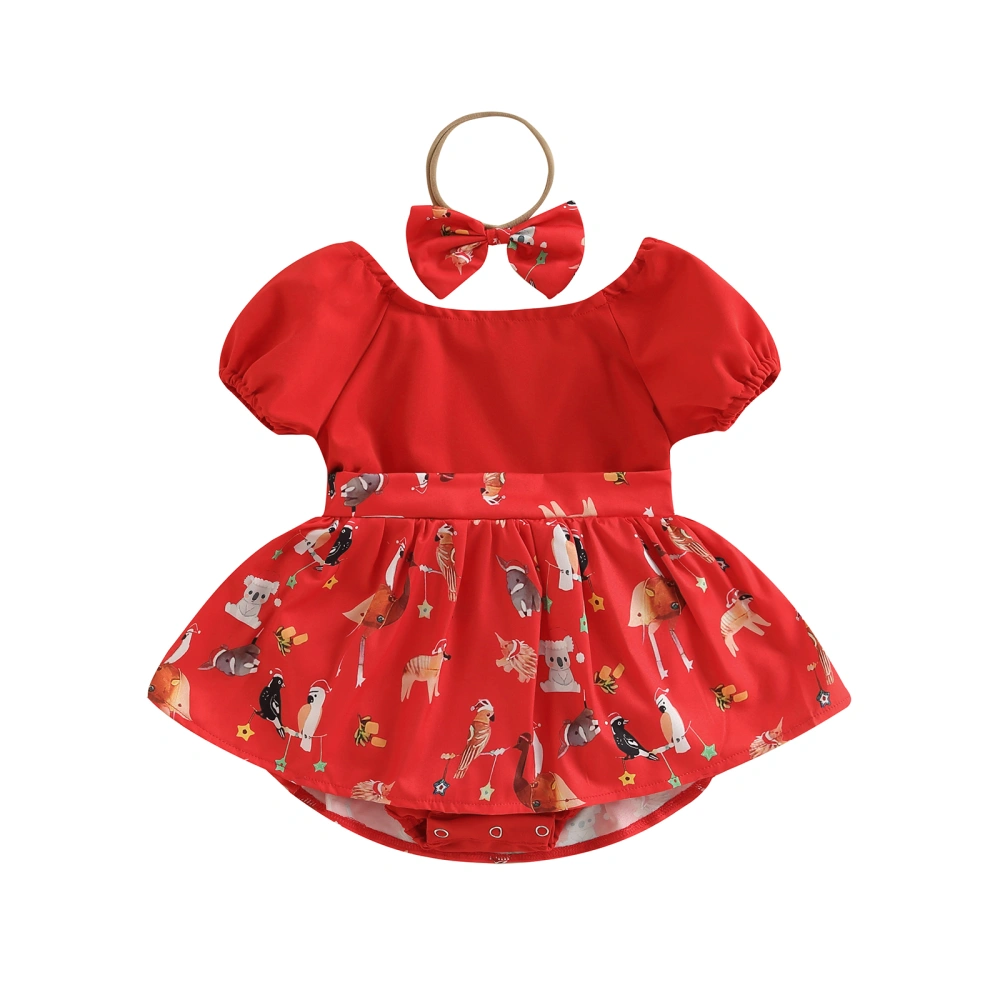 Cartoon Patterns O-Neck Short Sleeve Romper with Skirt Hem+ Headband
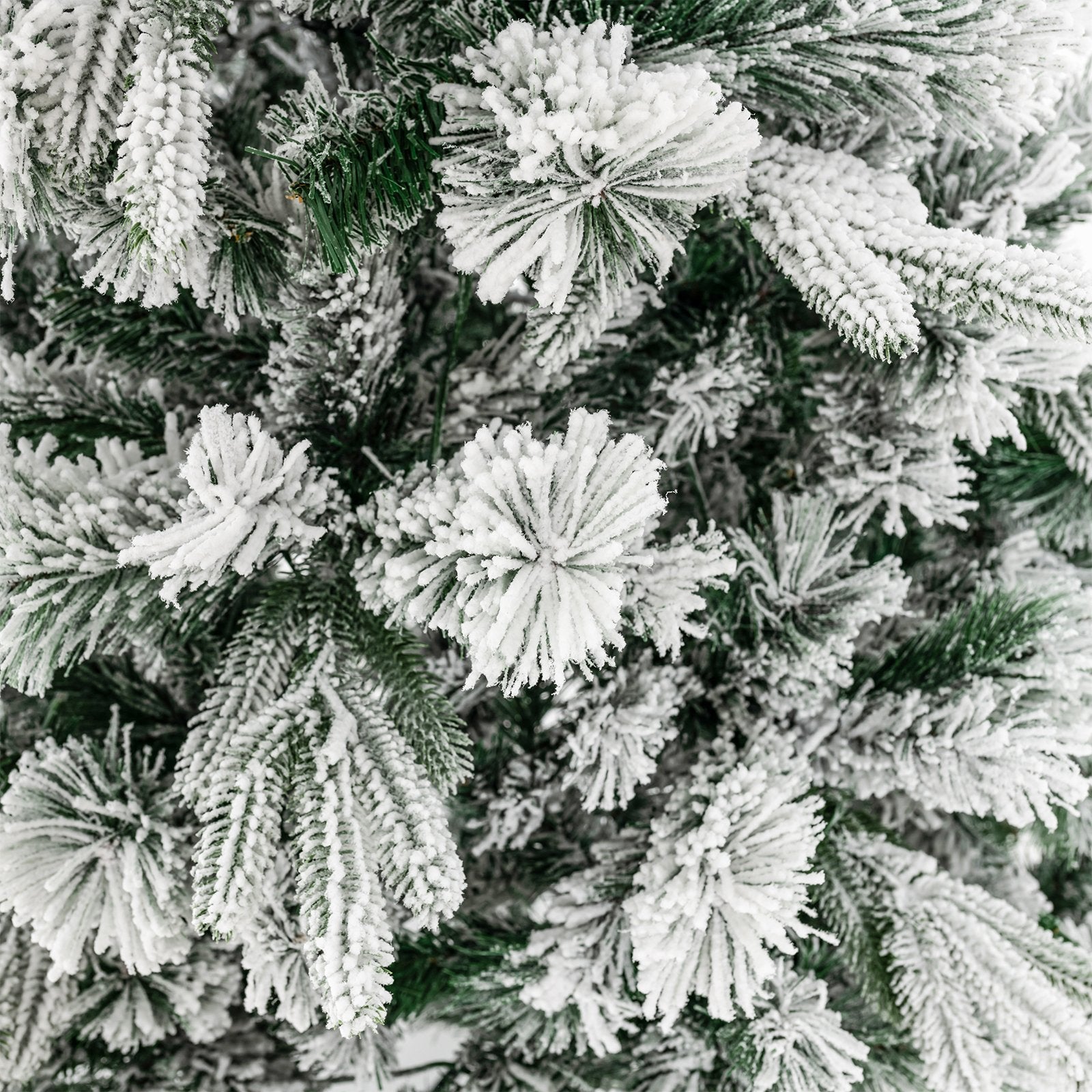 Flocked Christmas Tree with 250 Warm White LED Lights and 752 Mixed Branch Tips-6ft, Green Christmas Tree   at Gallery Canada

..........

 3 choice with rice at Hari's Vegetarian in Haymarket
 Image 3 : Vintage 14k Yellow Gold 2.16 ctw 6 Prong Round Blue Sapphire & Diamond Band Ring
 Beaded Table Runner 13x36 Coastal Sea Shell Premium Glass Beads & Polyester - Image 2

..........

Exercise instructions:
Every line of the material above that has the string "Image" needs pulling out.

Finished exercise:
 Image 3 : Vintage 14k Yellow Gold 2.16 ctw 6 Prong Round Blue Sapphire & Diamond Band Ring
 Beaded Table Runner 13x36 Coastal Sea Shell Premium Glass Beads & Polyester - Image 2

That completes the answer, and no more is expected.